Check out what benefits you're entitled to, as you may be able to claim Maternity Allowance from now on. This is usually paid out if you don't qualify for Statutory Maternity Pay. Find out what benefits you and your partner could claim.
This week you could also...
You have maternity rights and if you're worried about your safety at work, then talk to your employer. You shouldn't be lugging anything around, and you may need extra breaks and somewhere to sit. You can also attend antenatal appointments during paid work time.
It's a good time to tone up those muscles 'down under'. Gentle exercises can help to prevent leakage when you laugh, sneeze, cough or jump around on your future baby's trampoline. Get the muscles going by pretending that you're having a wee and then stop the 'urine' in midflow. Visit Tommys.org for more ideas.
Ask your midwife or doctor about online antenatal classes – they may be able to recommend one. The charity Tommy's has lots of useful information on antenatal classes and preparing you for birth.
Ask your partner if they would like to take part in the antenatal classes. Even if you've had children before, they're still worth going to as you can meet other parents-to-be. The NCT offers online antenatal classes with small groups of people that live locally to you.

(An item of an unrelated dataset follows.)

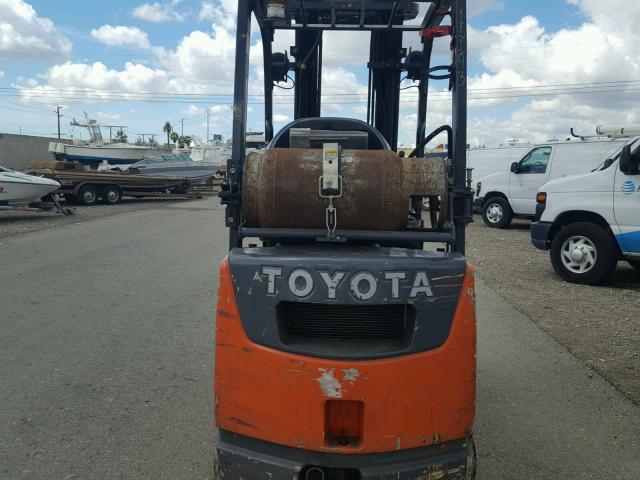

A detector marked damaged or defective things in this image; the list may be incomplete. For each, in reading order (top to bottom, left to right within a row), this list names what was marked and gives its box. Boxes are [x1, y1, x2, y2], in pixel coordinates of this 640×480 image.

rusty propane tank [242, 148, 448, 231]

We can usually get enough vitamin D from sunlight, but as we are at home a lot more at the moment, you may not be getting enough. If you're pregnant, or breastfeeding, you should consider taking a daily vitamin D supplement. It's worth checking if you're entitled to free vitamins.
Get moving! It's recommended that pregnant women do 150 minutes of exercise throughout the week. You could start off with just 10 minutes of daily exercise - perhaps take a brisk walk outside. Check out Sport England's #StayInWorkOut online exercises (scroll to the pregnancy section). Listen to your body and do what feels right for you.
Don't eat for two! Eat for you. You don't need any extra calories until the third trimester, which starts in week 28. Try and eat healthily with plenty of fresh fruit and veg, and avoid processed, fatty and salty foods. You may be able to get free milk, fruit and veg through the Healthy Start schemeEmotional and mental wellbeing.
How are you today? If you're feeling anxious or low, then talk to your doctor or midwife who can point you in the right direction to get all the support that you need. You could also discuss your worries with your partner, friends and family. You may be worried about your relationship, or money, or having somewhere permanent to live. Don't bottle it up – you're important, so ask for help if you need it!
Getting pregnant again is probably the last thing on your mind! However now is a good time to start planning what type of contraception you would like to use after your baby is born. Making this decision when you're pregnant will give you one less thing to think about when you're looking after a newborn baby. Getting pregnant again could happen sooner than you realise and too short a gap between babies is known to cause problems. Talk to your GP or midwife to help you decide and get everything in place.
This week's treat
Feeing hot? Stock up on lollies and you've got it licked! Look for lollies made from 100% fruit juice as they'll count towards your 5 A Day. Or pour fruit juice into ice cube trays, freeze, and then drop into drinks.
During pregnancy, your body gets hotter than usual. That's due to your hormones, the increase in your weight, and the extra blood that's rushing around. It's easy to overheat, so make sure you stay cool when the temperature soars.